Glasgow Springburn was a constituency of the House of Commons of the Parliament of the United Kingdom from 1918 until the 2005 general election, when it was largely replaced by the Glasgow North East constituency.

The last and longest-serving Member of Parliament, Michael Martin, formerly a member of the Labour Party, was elected Speaker of the House of Commons in 2000 and held the post until his resignation in 2009. By convention, the major parties (Labour, Conservative Party and Liberal Democrats) do not stand against a sitting Speaker in a general election, and in the 2001 and 2005 general elections he stood as "Speaker seeking re-election." Other parties, including the Scottish National Party, however, continued to contest the seat.

Boundaries

1918–1950: "That portion of the city which is bounded by a line commencing at a point on the municipal boundary on the south-east side of Cumbernauld Road, where that road is intersected by the east side of the Caledonian Railway (Glasgow Lines), thence northward to the centre line of Cumbernauld Road, thence south-westward and westward along the centre line of Cumbernauld Road and Alexandra Parade to the centre line of Castle Street, thence northward along the centre line of Castle Street and Springburn Road to the centre line of Fountainwell Road, thence north-westward along the centre line of Fountainwell Road to the centre line of the North British Railway (Edinburgh and Glasgow Line), thence northward along the centre line of the said North British Railway to a Point on the municipal boundary about 327 yards north of the centre of Hawthorn Street, where the said North British Railway intersects that street, thence northward, eastward, southward, eastward, southward, westward, south-eastward and southwestward along the municipal boundary to the point of commencement."

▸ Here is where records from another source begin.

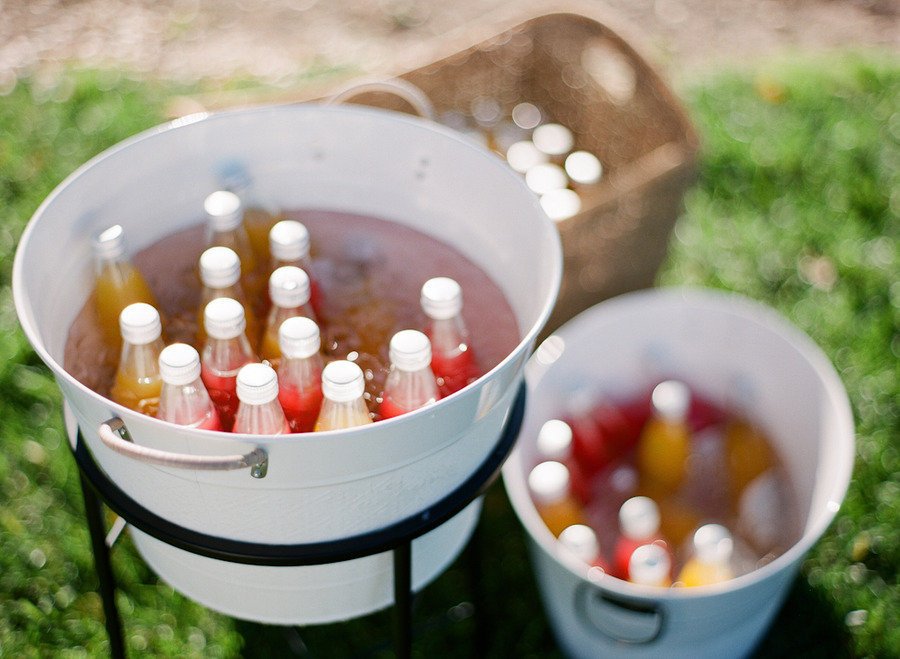 www.santabarbarawedding.com | Firestone Vineyard | Soigne Productions | Michael and Anna Costa | Refreshments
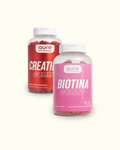 Biotina Gummy + Creatina Gummy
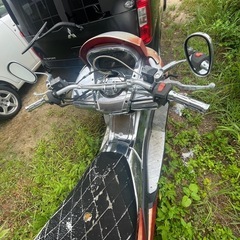 中華トライク250cc不動車　の画像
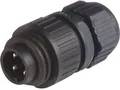 Produktbild: Hirschmann 934124100 Rundstecker Stecker, gerade Serie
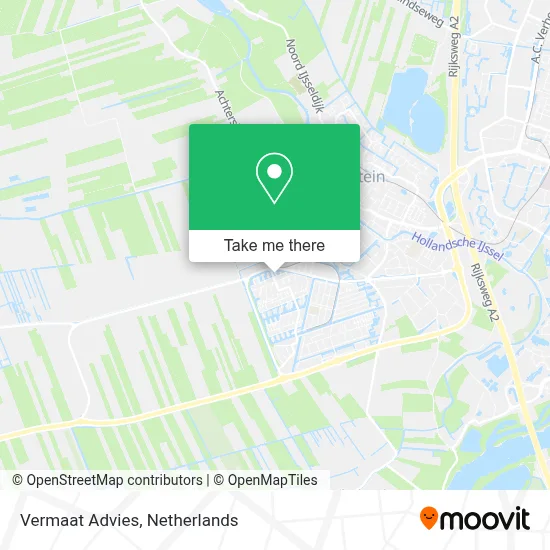Vermaat Advies map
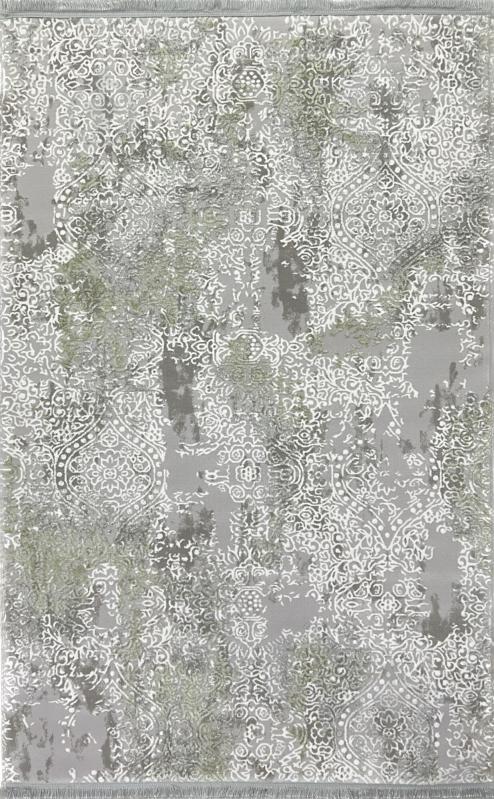 Килим Art Carpet BERRA 49D GREEN 150x300 см - фото 1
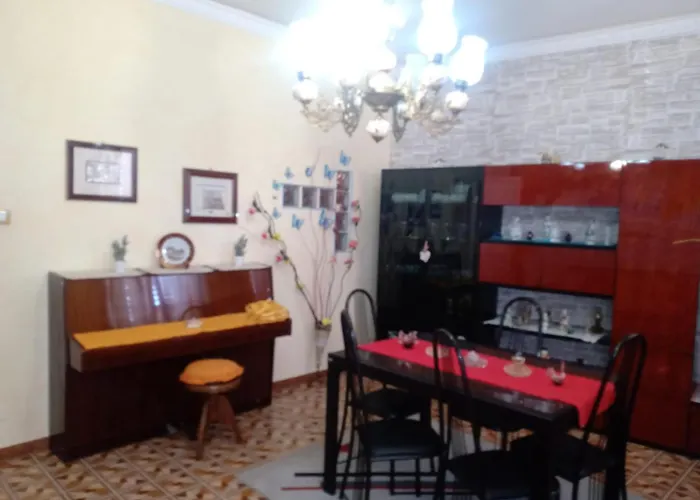 Apartment Romantica Clara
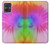 S2488 Tie Dye Color Hülle Schutzhülle Taschen für Motorola Moto G54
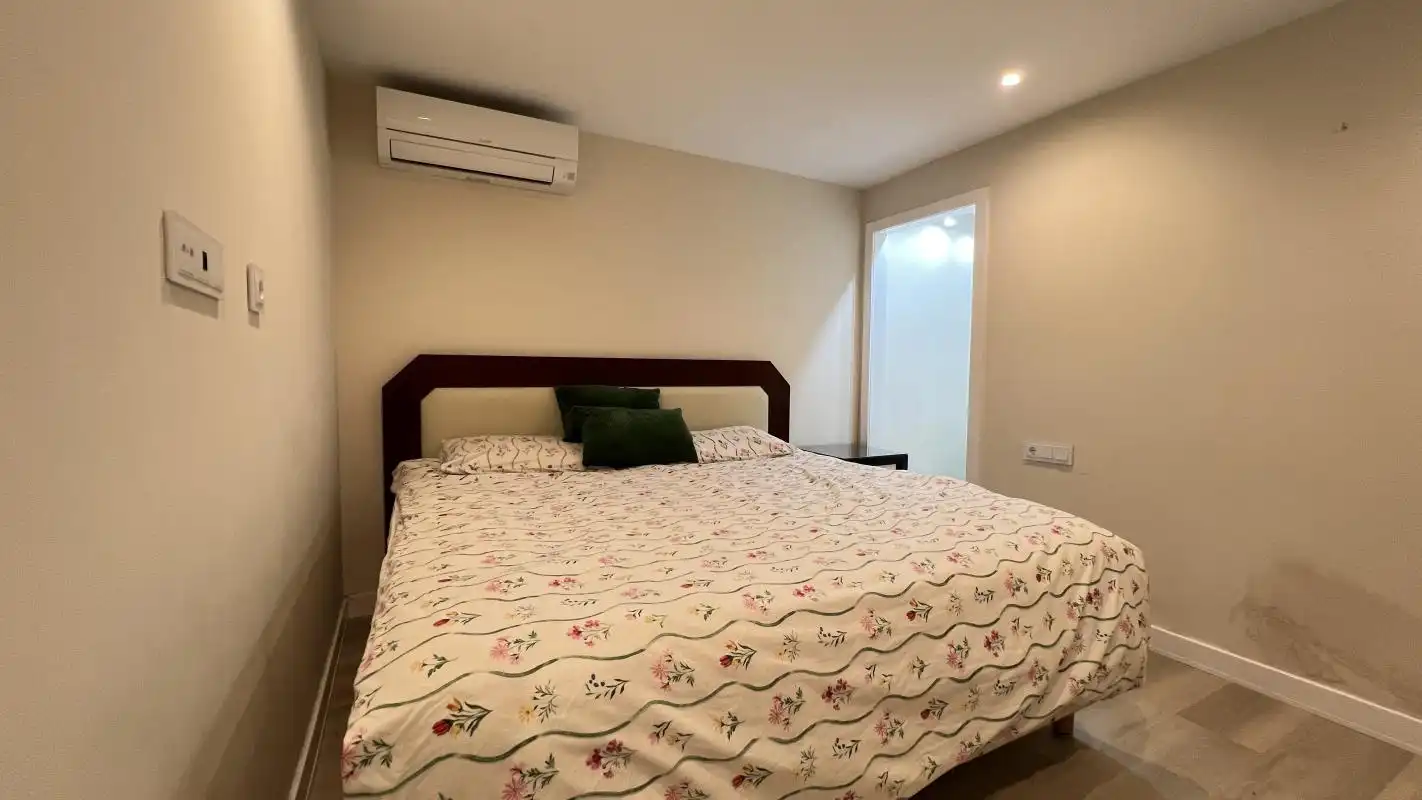 Habitación de Piso de alquiler en Madrid con Aire acondicionado, Calefacción y Terraza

1950–1955: The County of the City of Glasgow wards of Cowcaddens, Cowlairs, and Springburn.

1955–1974: The County of the City of Glasgow wards of Cowlairs and Springburn.

1974–1983: The County of the City of Glasgow wards of Cowlairs, Dennistoun, and Springburn.

1983–1997: The City of Glasgow District electoral divisions of Alexandra Park/Dennistoun and Keppochhill/Cowlairs.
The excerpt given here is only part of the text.